Foto: Istimewa |
SOFIFI- Pemerintah Provinsi (Pemprov) Maluku Utara (Malut) mendapat penghargaan pengelolaan Dana Alokasi Khusus (DAK) Fisik Tahun Anggaran 2021 dari Kantor Perbendaharaan Negara (KPN) Ternate.
Penghargaan di terima
Pemprov Malut sebagai pengelolaan DAK Fisik terbaik 2021 meliputi realisasi
kontrak senilai Rp. 343 miliar (343.604.546.759), realisasi penyaluran senilai
Rp.343 miliar (343.408.046.715). Sementara
realisasi DAK berdasarkan Surat Perintah Pencairan Dana (SP2D) senilai Rp323
miliar (323.017.488.217).
"Allahmdulilah, tahun
2021 meraih penghargaan peringkat satu
sebagai Pemda dengan nilai kinerja DAK Fisik terbaik tahun anggaran 2021 dari
KPN Ternate,” tutur Kepala Badan Pengelolaan Keuangan dan Aset Daerah (BPKAD)
Provinsi Maluku Utara, Ahmad Purbaya kepada media ini, Senin (21/03/2022).
Dia menjelaskan, ada dua
sumber kebijakan DAK Fisik Tahun 2021, yakni DAK Fisik reguler dan penugasan.
Untuk DAK fisik reguler difokuskan pada pencapaian standar pelayanan minimal
dan pemenuhan kesenjangan layanan dasar pendidikan, kesehatan dan konektivitas.
Sementara DAK Fisik Penugasan
bersifat lintas sektor berdasarkan tema atau program yang mendukung pencapaian
sasaran major project dan prioritas
tertentu seperti, tema penurunan kematian ibu dan stunting, penanggulangan
kemiskinan, ketahanan pangan dan infrastruktur ekonomi berkelanjutan.
“ olehnya itu kita akan
terus berupaya memanfaatkan anggaran DAK, sehingga program-program pelayanan
dasar bisa teratasi dengan baik,” kata Ahmad Purbaya.
Dari realisasi penyaluran
sebesar Rp 343 miliar, kemudian realisasi SP2D Rp 323 miliar, karena di tahun
2021 ada kebijakan realokasi anggaran akibat pandemi Covid-19, tambahnya.
Mantan Kepala
Inspektorat Maluku Utara ini juga mengaku, ada tantangan dalam
pengelolaan DAK fisik, olehnya itu, adanya pelibatan Aparat Pengawas Internal
Pemerintah (APIP) untuk memastikan good governance dan keakuratan dalam laporan
penyerapan dana capaian ouput.

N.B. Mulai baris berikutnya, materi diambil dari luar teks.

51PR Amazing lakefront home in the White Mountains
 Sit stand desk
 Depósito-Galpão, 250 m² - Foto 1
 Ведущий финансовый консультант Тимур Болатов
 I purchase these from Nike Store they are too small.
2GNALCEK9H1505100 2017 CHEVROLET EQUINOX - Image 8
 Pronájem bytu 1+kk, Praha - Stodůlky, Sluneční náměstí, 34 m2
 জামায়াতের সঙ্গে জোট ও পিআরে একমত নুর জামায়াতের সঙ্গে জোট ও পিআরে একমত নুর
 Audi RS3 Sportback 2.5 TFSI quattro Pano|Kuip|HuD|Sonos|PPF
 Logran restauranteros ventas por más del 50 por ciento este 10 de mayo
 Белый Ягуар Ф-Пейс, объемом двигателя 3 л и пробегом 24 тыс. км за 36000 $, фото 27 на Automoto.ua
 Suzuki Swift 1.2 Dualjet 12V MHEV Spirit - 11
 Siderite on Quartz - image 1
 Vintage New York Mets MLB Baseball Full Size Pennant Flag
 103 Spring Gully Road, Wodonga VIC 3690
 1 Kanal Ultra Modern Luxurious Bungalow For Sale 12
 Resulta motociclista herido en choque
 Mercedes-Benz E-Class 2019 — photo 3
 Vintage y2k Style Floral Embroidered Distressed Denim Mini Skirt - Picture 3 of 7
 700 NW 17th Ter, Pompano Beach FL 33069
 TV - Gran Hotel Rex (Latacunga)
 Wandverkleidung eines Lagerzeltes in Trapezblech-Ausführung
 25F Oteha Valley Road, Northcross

Penyesuaian kodefikasi DAK fisik pada SIPD,
karena perlu penyesuaian nomenklatur dan perubahan APBD.
"Ada juga
keterlambatan proses di BPJB diantaranya, menunggu penetapan DPA atau revisi
DPA, keterlambatan penujukan pejabat pengadaan dan jenis barang yang akan
dibeli tidak muncul atau terlambat muncul dalam e-katalog. Selain itu,
keterlambatan pelaksanaan akibat pembatasan kegiatan karena pandemi Covid-19,”
tutupnya. (tim/red)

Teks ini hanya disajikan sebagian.